In addition to the points I made below about sequence #’s, there can be problems with startup. When a neighbor is instantiated, the sequence # is often 0 (structures are normally zero initialized). As such, the first neighbor message will probably have a zero sequence too. Wouldn’t this cause that message to be ignored?

 

As a side note…I defeated the sequence check, and the state machine seems to work much more reliably – I actually end up with totally idle nodes rather than stick WTR’s.

 

Regards,

 

Michael

 

-----Original Message-----
From: Jason Fan [mailto:Jason@xxxxxxxxxxxx]
Sent: Tuesday, April 22, 2003 10:02 AM
To: Michael Allen; stds-802-17@xxxxxxxx
Subject: RE: [RPRWG] D2.2 and new IPS Sequence # processing

 

Hi Michael,

 

The intent of line 36 is that if a TP frame is received from a neighbor that meets the conditions of line 36 prior to the WTR expiring, the relevant information in the TP frame will still be available for the purposes of the check when WTR expires. At that point the transition will occur into the IDLE state. The expiration of WTR is a trigger for doing state machine processing just as when a new TP frame is received.

 

-- Jason

-----Original Message-----
From: Michael Allen [mailto:michael_allen@xxxxxxxxxxxxxxx]
Sent: Monday, April 21, 2003 5:15 PM
To: stds-802-17@xxxxxxxx
Subject: [RPRWG] D2.2 and new IPS Sequence # processing

I have been implementing the D2.2 IPS state machine and run into what I believe is an issue with the new sequence # check.

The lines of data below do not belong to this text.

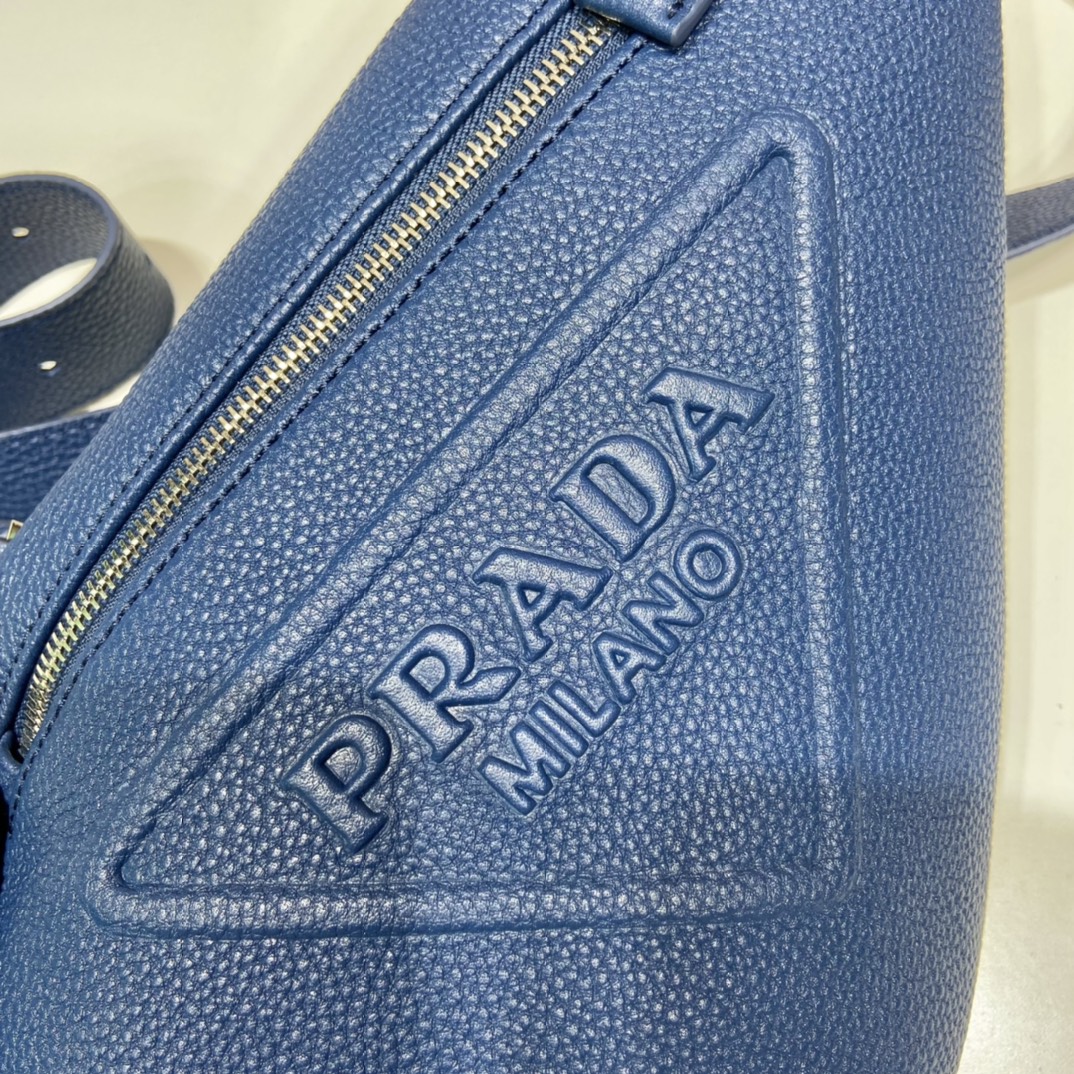Pra*a cross leather bag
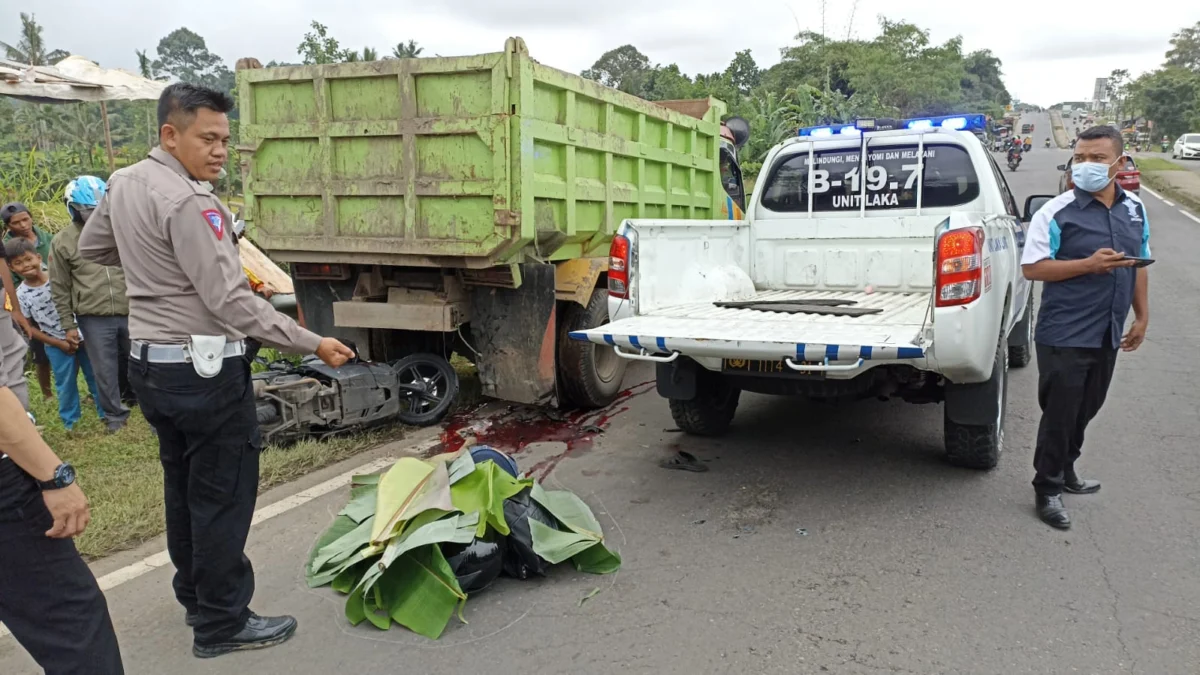 Diduga Kurang Konsentrasi, Seorang Pengendara Motor di Sukabumi Tewas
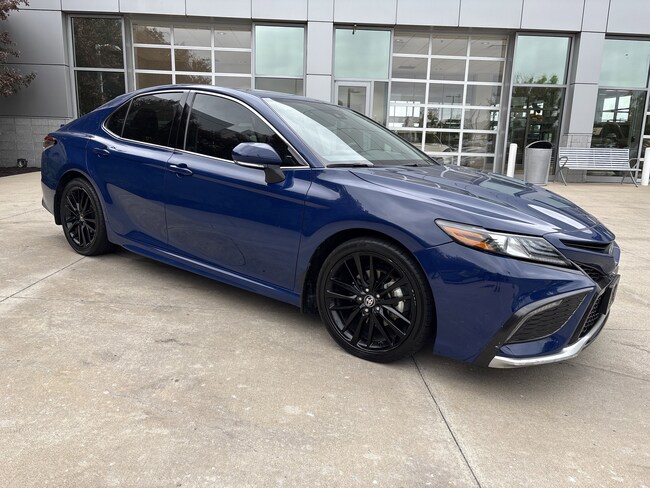 2024 Toyota Camry Hybrid XSE Sedan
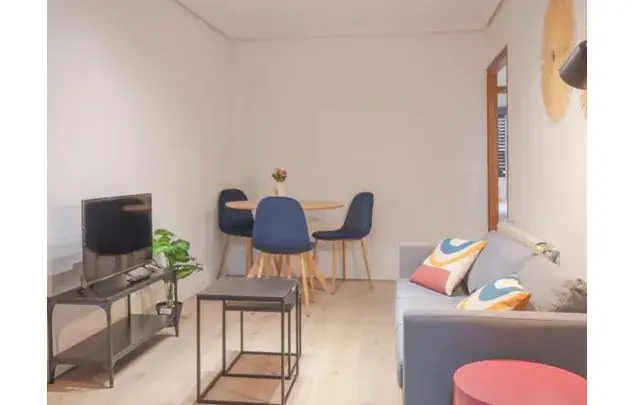 Apartamento 3 Dormitorios Los Rosales Madrid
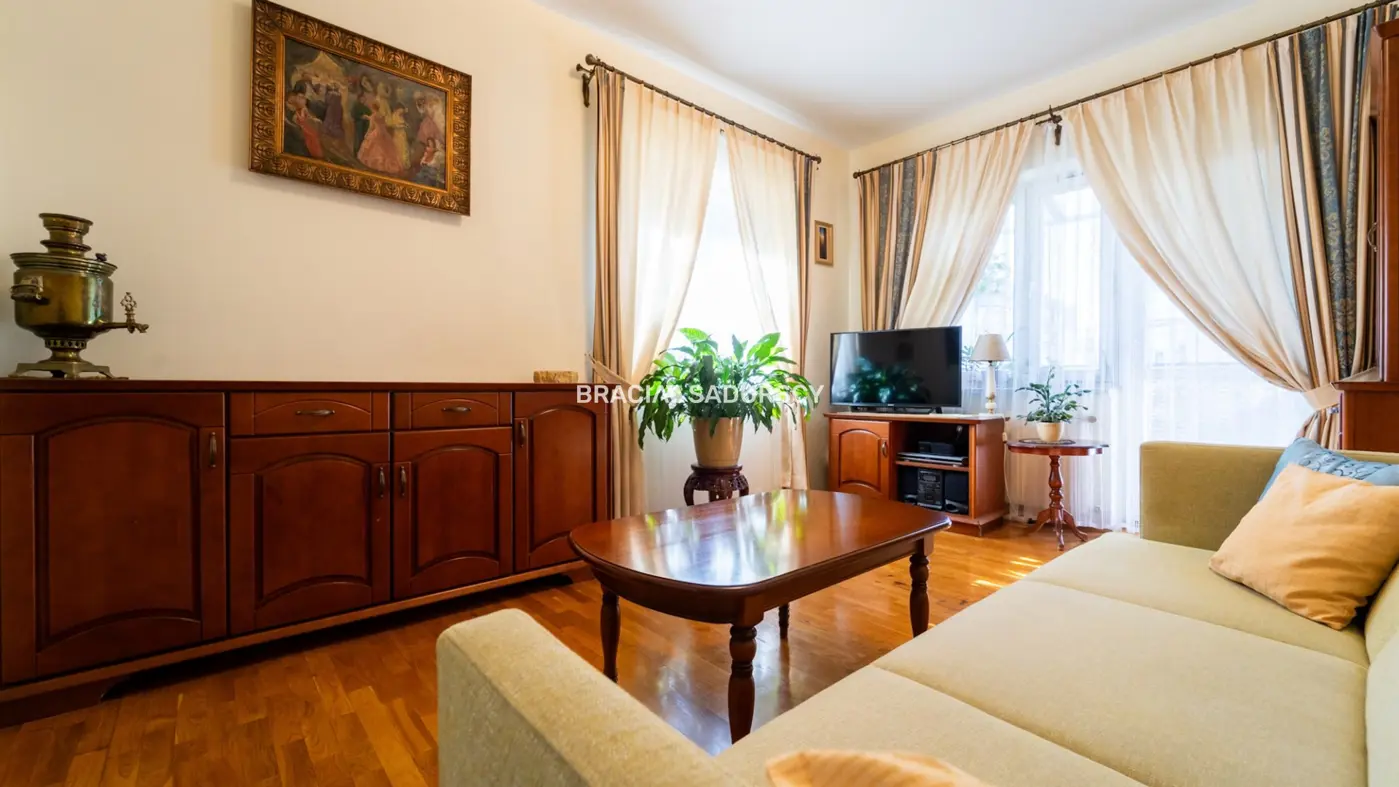 2pok 50m2 Prądnik Czerwony z 2 balkonami i garażem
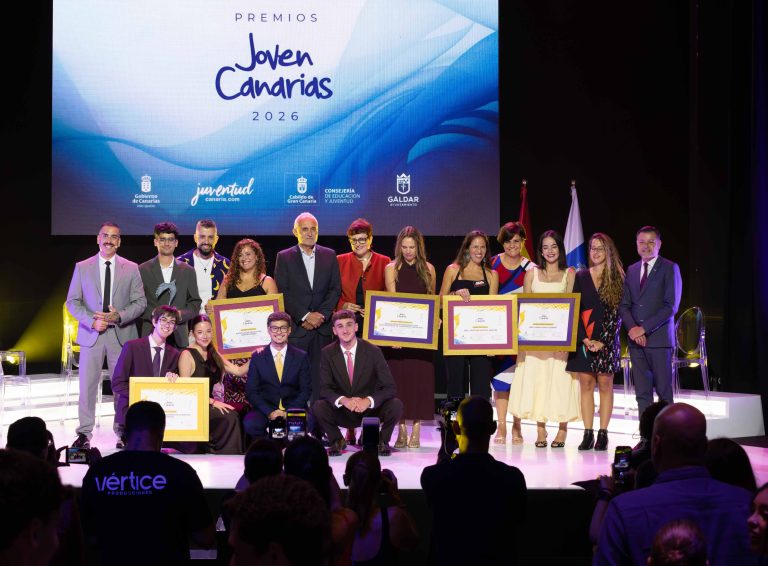 foto premiados y autoridades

If I interpret the check correctly, it looks like the first packet received with a new sequence # is processed & then all future ones are suppressed (until the sequence # changes again).

 

It seems like this can cause a problem when attempting to unwrap a link (on a wrapping ring), since a WTR node would require state 36 to fire to get out of the WTR and the neighbor is the same as the original. The problem is when the packet defined in state 36 arrives, but the WTR timer has not expired. Once the packet has been processed, and the timer later expires, it is not possible to get into state 36.

 

Also, state 40 is the only state that formally copies neighbor addresses. Since the whole state machine banks on the neighbor MAC addresses being updated at the right time, this should be in the state tables.

 

It seems as though ALL ClearXxxSideEdgeStatus() operations should remove a wrap. That way, reception of IPS with STEER mode can switch the ring from wrapping to steered immediately, and any current wrap conditions will get removed. Only the wrap operation should be conditional on all nodes being able to wrap.

 

Comments are welcome,

 

Regards,

 

Michael Allen